[Items from a dataset]
+ + + + +
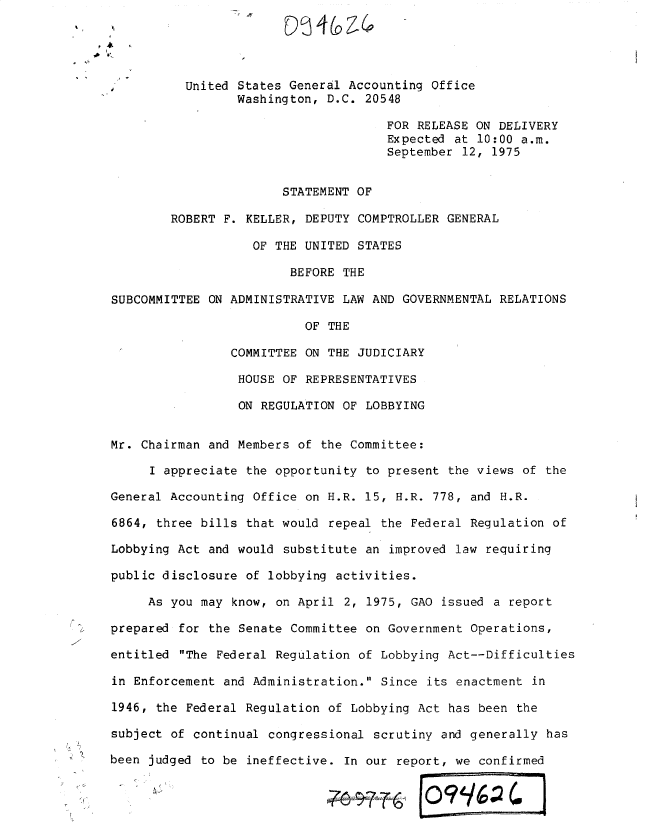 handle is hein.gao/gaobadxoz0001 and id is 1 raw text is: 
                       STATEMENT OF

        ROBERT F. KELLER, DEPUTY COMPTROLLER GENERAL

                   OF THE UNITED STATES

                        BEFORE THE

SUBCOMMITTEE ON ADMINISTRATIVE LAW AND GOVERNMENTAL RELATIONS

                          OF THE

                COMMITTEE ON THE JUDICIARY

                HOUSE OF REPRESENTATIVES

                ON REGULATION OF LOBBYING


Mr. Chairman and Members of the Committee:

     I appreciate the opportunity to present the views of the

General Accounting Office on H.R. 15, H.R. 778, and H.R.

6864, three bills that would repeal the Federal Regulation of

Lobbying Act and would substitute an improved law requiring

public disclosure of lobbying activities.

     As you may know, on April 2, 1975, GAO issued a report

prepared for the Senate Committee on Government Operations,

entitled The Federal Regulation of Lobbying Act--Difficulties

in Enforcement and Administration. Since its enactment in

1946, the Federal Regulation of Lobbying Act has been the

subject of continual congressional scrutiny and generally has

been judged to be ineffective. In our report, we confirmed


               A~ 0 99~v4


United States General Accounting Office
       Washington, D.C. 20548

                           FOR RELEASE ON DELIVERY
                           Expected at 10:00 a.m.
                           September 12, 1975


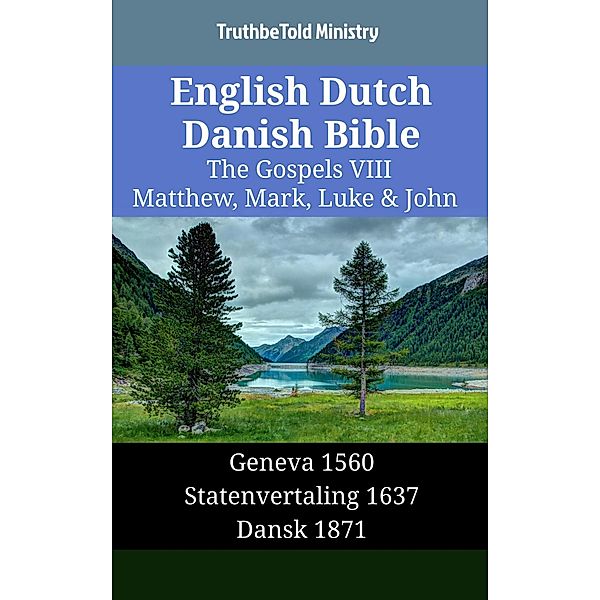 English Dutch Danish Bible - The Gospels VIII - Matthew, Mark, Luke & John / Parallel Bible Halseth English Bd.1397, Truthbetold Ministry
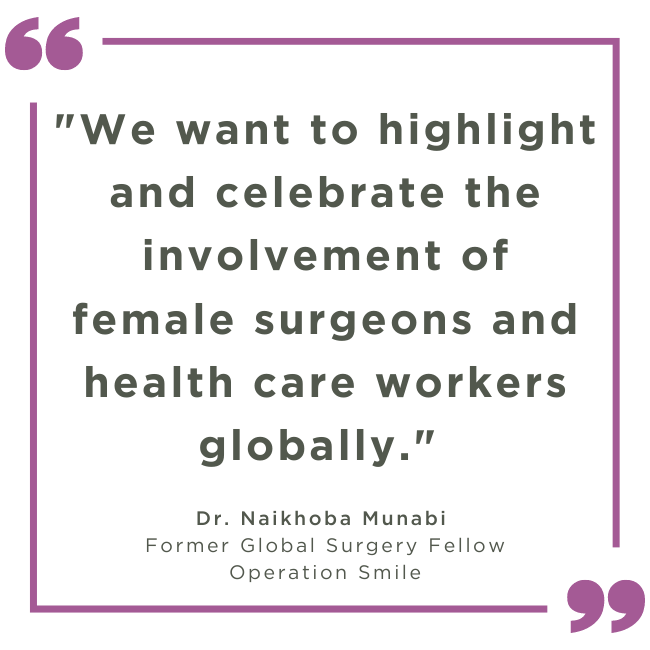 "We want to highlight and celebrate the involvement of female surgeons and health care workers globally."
+ + + + +
What is required » Counting only lines of the data above that hold "Federal", report the total and nothing else.

Task response » 3